— Recorded data —
* * * * * * *

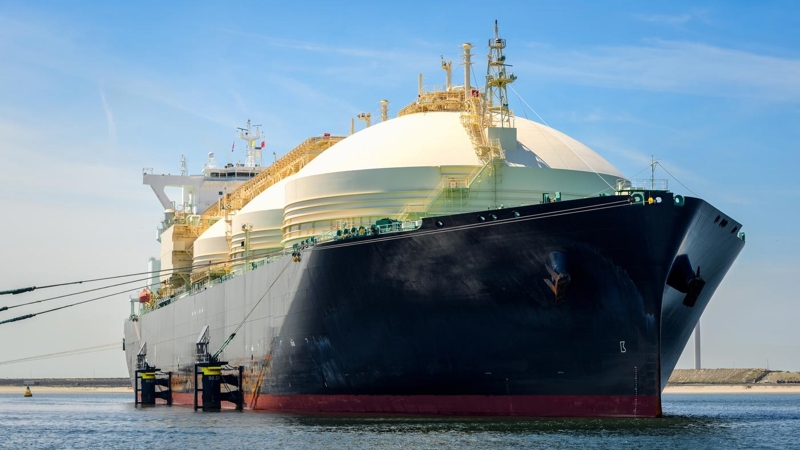 Low angle view of a large natural gas carrier ship in a harbour on a clear summer day. Port of Rotterdam, the Netherlands.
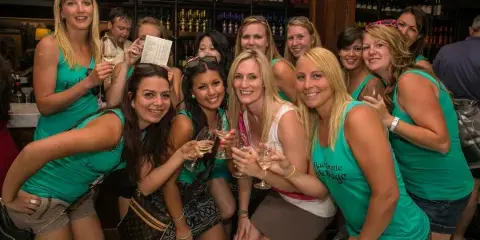 A group of smiling women in matching teal shirts posing with wine glasses at a bar.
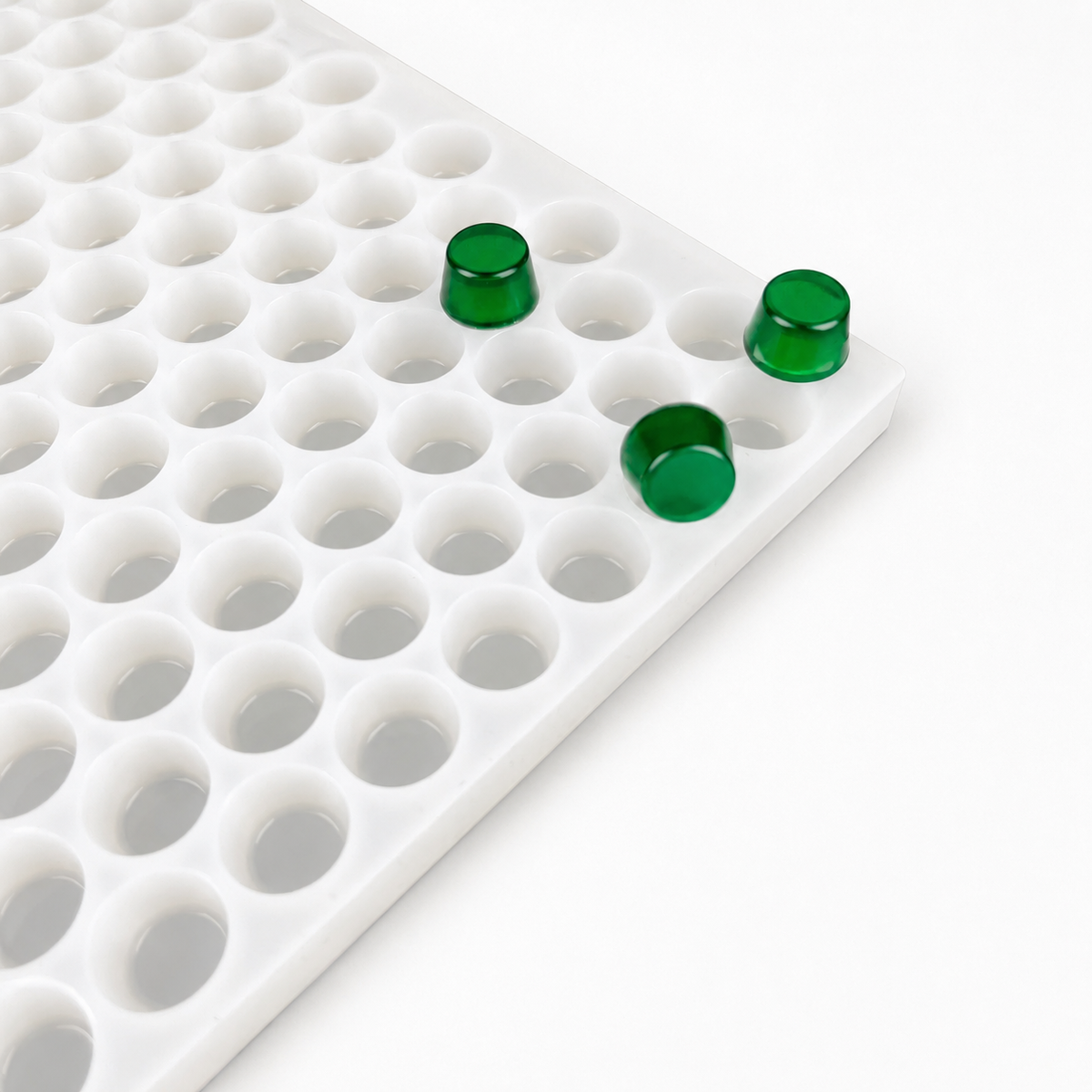 3mL gumdrop gummy mold with emerald-green gummies on a white background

* * * * * * *

If the data includes images, omit them, and set down everything else exactly as above.

— Exercise response —
 Low angle view of a large natural gas carrier ship in a harbour on a clear summer day. Port of Rotterdam, the Netherlands.
 A group of smiling women in matching teal shirts posing with wine glasses at a bar.
 3mL gumdrop gummy mold with emerald-green gummies on a white background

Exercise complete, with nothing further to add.